I looked at him intently and was surprised to find myself nodding my head in approval at his reply.
This is the man with whom, earlier, in the moment of sexual excitation,
I experienced a moment of acute, anguish, one of the worst of my life. Fear stiffened my limbs, which drew back and shuddered uncontrollably at the contact of his peculiarly smooth, sinuous, writhing body; but at the same time I told myself it was ridiculous to be afraid of him at such a time, and I tried with all the strength of my mind to overcome my fear and give myself to him fearlessly like a cherished lover. My fear lay not so much in my limbs, which still did as I bid them no matter how reluctantly, but more intimately in the depths of my womb, which seemed to close and reject his touch with horror. At last he took me and I felt a pleasure made black and atrocious by fear. I could not restrain a long, wailing cry in the dark, as if the final embrace had been the embrace of death, not of love, and that cry the cry of my life departing from me, leaving behind a tortured, spent body.
Moravia knows the heart of women as acutely as Flaubert or Tolstoi. As with Madame Bovary, Anna Karenina, or Memoirs of a Geisha, one wonders how a man --- I almost said "a mere man" --- can penetrate, and penetrate so deeply, the heart of woman.
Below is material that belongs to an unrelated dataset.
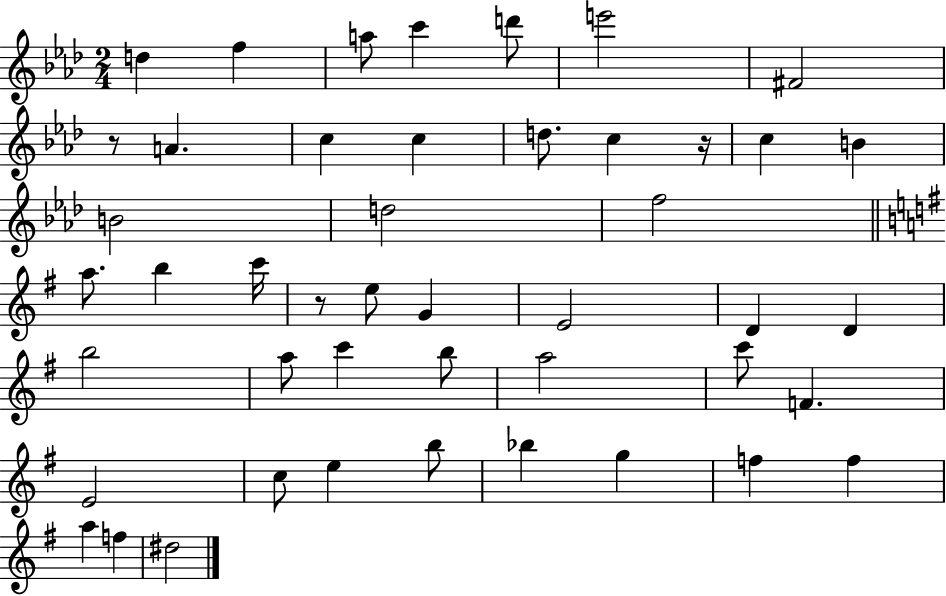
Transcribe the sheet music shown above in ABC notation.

It's not mere knowledge. The author has incorporated in his world the soul of women, he has become woman --- and in this transformation, he makes Adriana such that we, too, become her. At the same time, the men he creates are perfect. We should think of Moravia as a chess master, one who not only plays beautifully, but carves the various pieces as well: Gino the small-time thief and chauffeur, Sonzogno the hood, with his " muscles of steel," Giacomo the intellectual student revolutionary, Astarita the police official. All of them are swept up by this whore, all reacting to her in a different way, all smitten by her, all destroyed by her.
Since she is so young --- sixteen when we first meet her --- we get to grow into her new life as she does. It's a bildungsroman for a woman of the streets, and it's a heart-stopper for the rest of us. For instance, I remember thinking, when I got to page 370, "What a pickle she's got us into!" Sonzongo is looking to kill her because he thinks she ratted on him to the police; Mino is hiding out in her apartment because his revolutionary activities which might well get the both of them killed; the police chief might do them all in, or save them all, depending on his whim. And I am so involved in her life that I am thinking, "I don't want to read any further, it's too agonizing." Then, "I can't stop." And I go on. All night.
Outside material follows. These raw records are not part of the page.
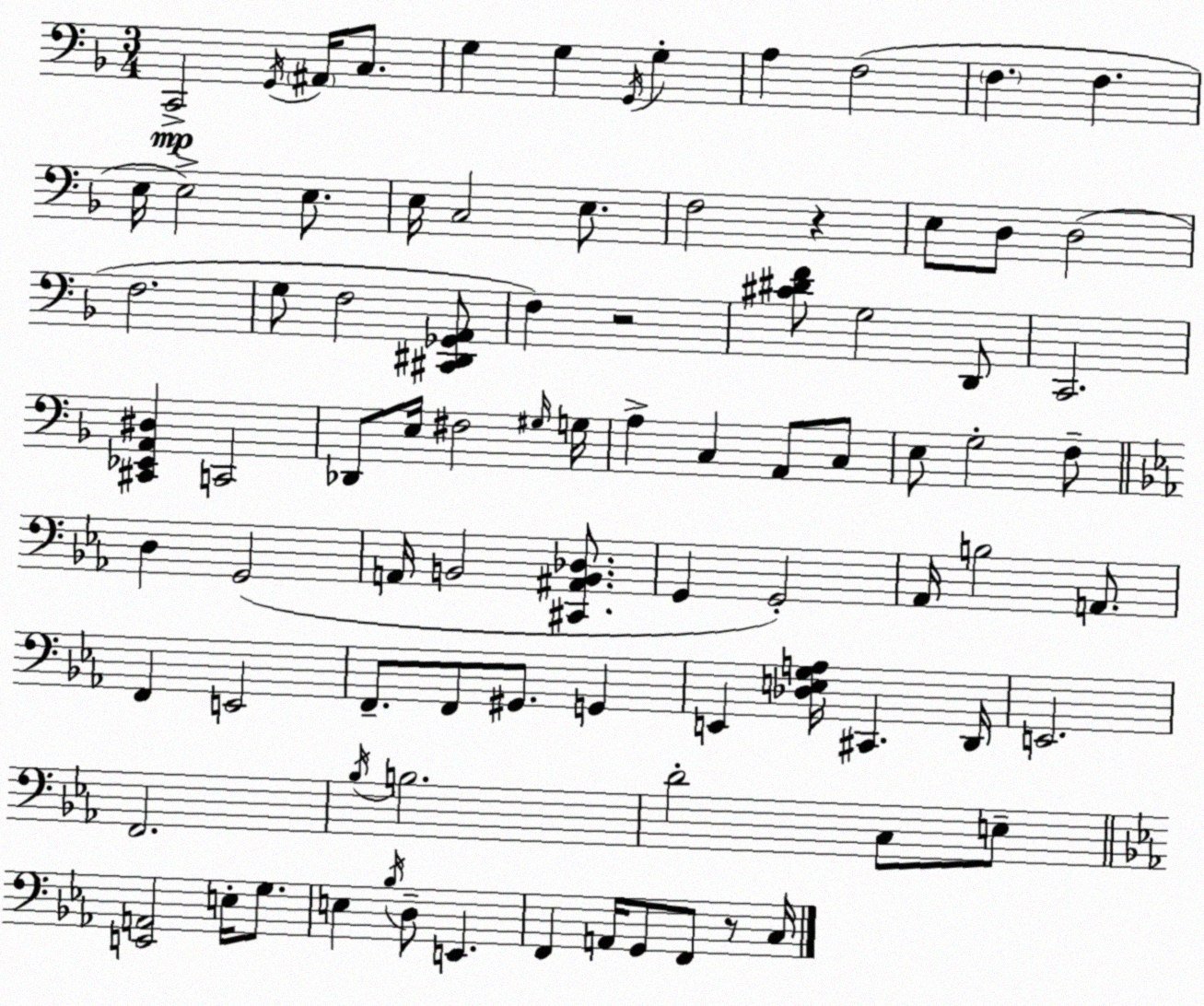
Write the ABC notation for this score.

X:1
T:Untitled
M:3/4
L:1/4
K:F
C,,2 G,,/4 ^A,,/4 C,/2 G, G, G,,/4 G, A, F,2 F, F, E,/4 E,2 E,/2 E,/4 C,2 E,/2 F,2 z E,/2 D,/2 D,2 F,2 G,/2 F,2 [^C,,^D,,_G,,A,,]/2 F, z2 [^C^DF]/2 G,2 D,,/2 C,,2 [^C,,_E,,A,,^D,] C,,2 _D,,/2 E,/4 ^F,2 ^G,/4 G,/4 A, C, A,,/2 C,/2 E,/2 G,2 F,/2 D, G,,2 A,,/4 B,,2 [^C,,^A,,B,,_D,]/2 G,, G,,2 _A,,/4 B,2 A,,/2 F,, E,,2 F,,/2 F,,/2 ^G,,/2 G,, E,, [_D,E,G,A,]/4 ^C,, D,,/4 E,,2 F,,2 _B,/4 B,2 D2 C,/2 E,/2 [E,,A,,]2 E,/4 G,/2 E, _B,/4 D,/2 E,, F,, A,,/4 G,,/2 F,,/2 z/2 C,/4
Moravia is one of those writers we've heard about all of our lives. You're always meaning to read him if you get a chance but you don't get a chance. Then Steerforth Italia reissues this one and there I am, stuck someplace, and it's the only book I brought along in the book bag --- so I start in, reluctantly, reading it and soon enough I forget where I am, who I am, why I am what I think I am, for now I am her.
There are writers who know their characters and then there are writers who get inside their characters and turn them inside out for you and the writing is so powerful that you think that maybe the author is a worm, a heart worm, one that burrows into the deepest part of woman-soul. And since, as in this case, he's a natural story teller, such a good one --- you don't want it to end; but the plot is so hairy, so fraught with disaster, and you find yourself not wanting these people to get hurt, even the cads; but, then again, they are hell-bent on getting hurt, for it's life; and like life, there is pleasure and greed and love and despair and scheming and stealing and whoring --- all of which can come to no good. And at the end, you say Whew! And you want to turn around and read the whole goddamn thing all over again.